- Pont de Rognonas in 2022
- Coordinates: 43°54′54″N 4°48′31″E﻿ / ﻿43.915085°N 4.808516°E
- Carries: D 570N
- Crosses: Durance
- Locale: Rognonas, Avignon

Characteristics
- Design: Suspension bridge
- Material: Steel
- Pier construction: Reinforced concrete
- Total length: 415 m (1,362 ft)
- Longest span: 255 m (837 ft)
- No. of spans: 3
- No. of lanes: 2

History
- Constructed by: Boussiron
- Construction start: 8 August 1946
- Construction end: 1950

Location
- Interactive map of Pont de Rognonas

= Pont de Rognonas =

Pont de Rognonas in 2022. Warren trusses are clearly visible along the sides of the spans

Pont de Rognonas is a 415-meter-long steel suspension road bridge. It crosses the Durance to connect Rognonas in the Bouches-du-Rhône department with Avignon in the Vaucluse department of southern France.

It was reported in 2026 that the bridge was crossed by 26,500 vehicles daily.

==History==
An earlier bridge at Rognonas was approved by royal ordinance in December 1832 and opened to traffic on 29 July 1834. On 31 May 1835, following an exceptional rise of the Durance that flooded the Rognonas plain, local farmers threatened to breach an embankment associated with the recently opened bridge. A company of the 34th Line Infantry Regiment and several gendarmerie brigades were sent to the area, and their presence was sufficient to restore order. The bridge was damaged by flooding in 1840 and partially destroyed by further flooding in November 1843, before reopening in September 1844.

During World War II, the bridge became a target of Allied bombing and was hit during an air raid on 16 August 1944. It was subsequently repaired and reopened to traffic, but its age and condition led to its replacement.

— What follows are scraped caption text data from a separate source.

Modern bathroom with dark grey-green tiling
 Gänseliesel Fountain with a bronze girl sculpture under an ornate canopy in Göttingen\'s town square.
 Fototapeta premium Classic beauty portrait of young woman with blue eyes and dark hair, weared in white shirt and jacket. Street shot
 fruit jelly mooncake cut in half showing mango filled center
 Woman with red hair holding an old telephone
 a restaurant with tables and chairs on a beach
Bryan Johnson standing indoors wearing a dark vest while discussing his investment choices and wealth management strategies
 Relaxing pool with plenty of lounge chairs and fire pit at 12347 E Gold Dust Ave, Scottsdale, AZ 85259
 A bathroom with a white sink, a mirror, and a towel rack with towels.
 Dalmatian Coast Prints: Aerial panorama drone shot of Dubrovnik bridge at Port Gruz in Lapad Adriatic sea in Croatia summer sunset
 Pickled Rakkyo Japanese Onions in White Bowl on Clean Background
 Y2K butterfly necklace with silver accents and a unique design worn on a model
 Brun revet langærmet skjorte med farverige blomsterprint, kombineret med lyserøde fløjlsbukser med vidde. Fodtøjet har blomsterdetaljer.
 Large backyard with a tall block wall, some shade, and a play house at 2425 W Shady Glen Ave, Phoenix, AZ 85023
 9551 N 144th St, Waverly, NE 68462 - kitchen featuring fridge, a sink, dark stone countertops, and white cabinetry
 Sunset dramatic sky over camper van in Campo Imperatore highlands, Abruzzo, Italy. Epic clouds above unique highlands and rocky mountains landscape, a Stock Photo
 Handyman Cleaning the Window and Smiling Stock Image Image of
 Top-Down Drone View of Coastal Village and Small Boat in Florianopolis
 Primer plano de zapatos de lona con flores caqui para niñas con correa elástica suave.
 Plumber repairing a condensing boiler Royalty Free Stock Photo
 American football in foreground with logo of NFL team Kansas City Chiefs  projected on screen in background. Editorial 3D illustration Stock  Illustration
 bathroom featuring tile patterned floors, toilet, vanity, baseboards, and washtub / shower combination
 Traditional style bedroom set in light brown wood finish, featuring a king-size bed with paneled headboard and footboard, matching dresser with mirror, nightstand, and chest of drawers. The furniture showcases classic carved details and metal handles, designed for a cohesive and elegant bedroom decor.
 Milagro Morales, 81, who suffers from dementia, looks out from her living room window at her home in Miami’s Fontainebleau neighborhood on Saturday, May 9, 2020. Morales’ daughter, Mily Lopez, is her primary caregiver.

Construction of the current bridge began on 8 August 1946, with the work undertaken by the Paris-based Boussiron company. The bridge was completed in 1950.

==Design==
A contemporary description of the project specified three spans, comprising a central span of 254.5 m and two side spans of 80 m, for a total length of 414.5 m. The planned width was 10 m, including a 7 m roadway and two 1.5 m sidewalks.

The suspended deck is stiffened by a pair of double Warren trusses running along the sides of the spans. They are spaced 10.76 m center to center and are 4.20 m high. The stiffening trusses of the central span and the two side spans are structurally independent.

==Traffic restrictions==
In October 2025, the Bouches-du-Rhône department restricted vehicles weighing more than 26 tonnes from using the bridge. The department said that Cerema, a French public agency providing technical expertise on infrastructure and transport, had recommended that the bridge not be exposed to an increase in heavy-vehicle traffic pending further studies. A detailed inspection and a complete recalculation of the admissible loads were planned for 2026. The restriction became part of a wider debate over the management of heavy-goods traffic around Avignon, including disputes over its implementation and the absence of a designated diversion route.